Figure 1 Developmental workflow for the AI agent-driven XR environment

Also, in terms of defining a communicative method among the user, the interface and the AI agent, the property of multimodal interaction is established. To intuitively interplay with the AI agent-driven XR environment and interface, as mentioned above, this study mainly concentrates on three aspects as expressive means of natural interactions—Hand Gestures, Voice Commanding, and Eye-Gazing. With these principal criteria, detailed protocols on individual interaction methods are developed and instructed to the simulation participants to interplay with the AI agent and interface.

Based on an established framework that defines the traits of the AI agent and the multimodal interaction on the planning section of Figure 1, a virtual home space and an algorithm for gesture-driven interactions are modeled in Unreal Editor (UE, ver. 5.1.1) as a basic developmental platform. In the Unreal Editor platform, Meta XR plugin (ver. 1.86.0) and its option assets (i.e., hand tracking options provided in UE’s blueprint control panel) are mainly used in programming hand gesture tracking function while wearing the HMD. For the other interaction methods such as voice commanding and eye-gazing, those are not actually developed in this study, and only its interactive response are scripted with a keypad function on UE’s blueprint.

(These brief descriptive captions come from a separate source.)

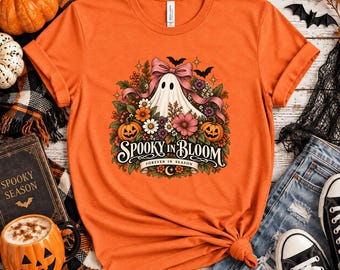 Halloween Shirt Spooky in Bloom Ghost Floral Pumpkin Botanical Fall Graphic Tee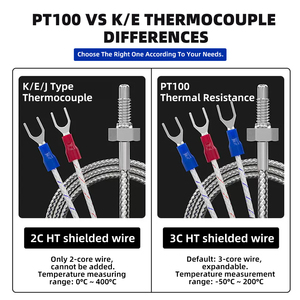 Sensor de Temperatura PT100 de 5M, Tipo K/E, Sonda de Tornillo M6 M8, Industrial, 2/<span class=keywords><strong>3</strong></span> Hilos, Sensor Blindado de Alta Temperatura, -50~400°C ℃ - Product Image 2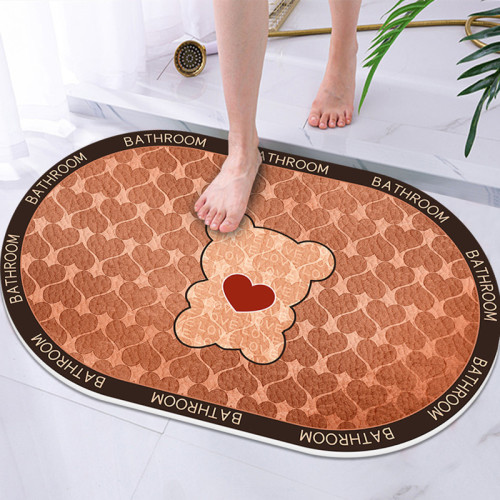 oval bathroom super absorbent floor mat toilet door mat bathroom non-slip floor mat diatom mud new lattice wholesale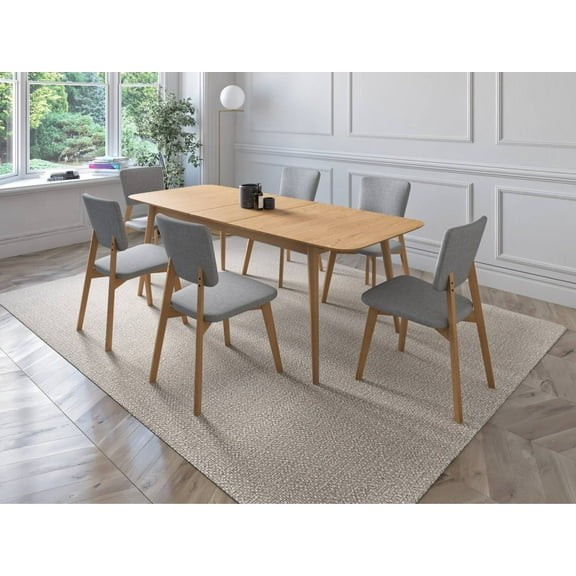 Midtown Concept Belgrade 7-Piece Oak Extendable Dining Set With Upholstered Chairs, Light Grey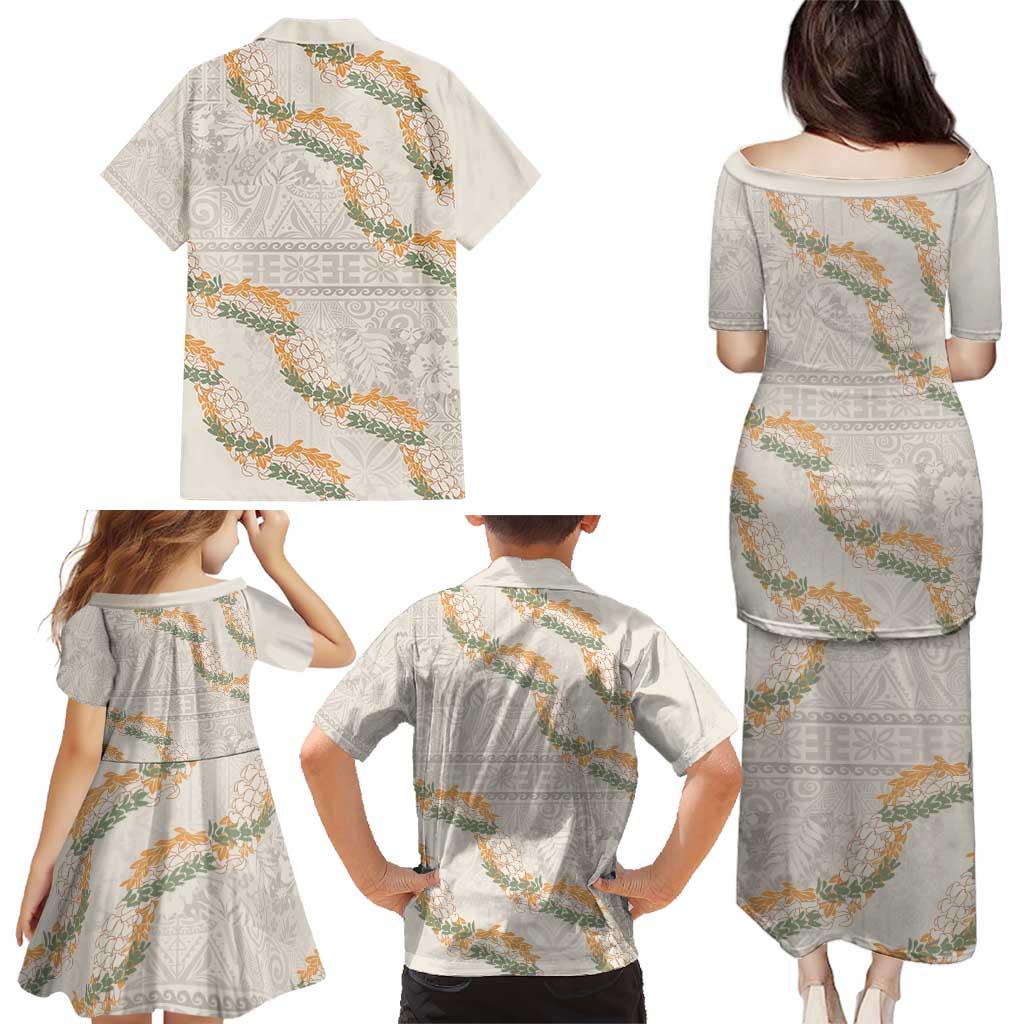 Aloha Pakalana and Puakenikeni Lei Family Matching Puletasi and Hawaiian Shirt Beige Hawaiian Pattern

That means, by “Wizard of Oz (Nielsen Norman Group, 2022)” method, simulation participants are asked to assume the situation during the session that they are interacting with the voice-control-enabled and eye-gazing-control-enabled AI agent in the XR environment, even though those functions are not assisted in the UE platform and its graphic responses are manually operated by the keypad.

To transmit the model data (virtual home space and interface) to the HMD and receive a user’s hand gesture data from the HMD in real time, the Oculus application (ver. 60.0.0.162.352) installed on the desktop and the HMD serves as a bridge platform between UE and the HMD. For the HMD, this study uses Meta Quest Pro and its controllers are deliberately excluded from the simulation since this study fundamentally pursues the non-controller-based, natural interaction-driven simulation. On the basis of this overall framework, user participatory-driven simulation sessions are conducted, then users’ heuristic datasets regarding the experience over the AI agent-driven XR environment are collected and analyzed in the analysis phase.

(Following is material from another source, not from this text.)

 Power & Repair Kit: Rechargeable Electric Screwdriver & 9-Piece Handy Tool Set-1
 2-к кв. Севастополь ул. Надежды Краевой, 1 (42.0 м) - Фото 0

2. 2. Defining the intelligent agent in the XR environment

In concretizing the characteristics of an AI agent in the XR environment, as mentioned in the overview of Methods section, this study primarily deals with two types of AI agents that either independently or dependently exists in the XR environment. Depending on these established criteria, its corresponding gestural/non-gestural expression methods are devised and its functional subsets are scripted in the blueprint of UE.

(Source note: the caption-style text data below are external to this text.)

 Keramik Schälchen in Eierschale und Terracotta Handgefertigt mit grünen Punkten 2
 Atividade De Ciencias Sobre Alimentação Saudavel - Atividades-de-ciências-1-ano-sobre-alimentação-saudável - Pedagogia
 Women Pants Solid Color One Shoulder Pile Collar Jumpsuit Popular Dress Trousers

(1) AI agent that “independently” exists in the XR environment

As an individual object, this Independent-Type Agent (ITA) is embodied into an orb-like 3D object. Floating in the virtual home space, it is firstly generated at any desired location by opening hand gesture in the XR environment (Figure 2-A). In terms of multimodality at mutual communication, ITA involves engaging interactions through eye-gazing, hand gesture, and voice commands (see Figure 3’s agent classification and its multimodal interaction methods per each sequence). Within the simulation session, as mentioned above, participants are asked to perceive this AI agent as the one that responds to participants’ verbal expressions as voice commands and eye-gazing movement even though its functionality is not actually supported in this simulation. Above this, due to the developmental setting aided by Meta XR plugin within UE, this independent AI agent actually responds to participants’ several hand gestural types. Particularly, mixed with voice commanding usability while interacting with the interface, participants use their hand gestures to control the AI agent’s responsive dialogue like a stop gesture for pausing a dialogue or a swiping gesture for switching a dialogue subject.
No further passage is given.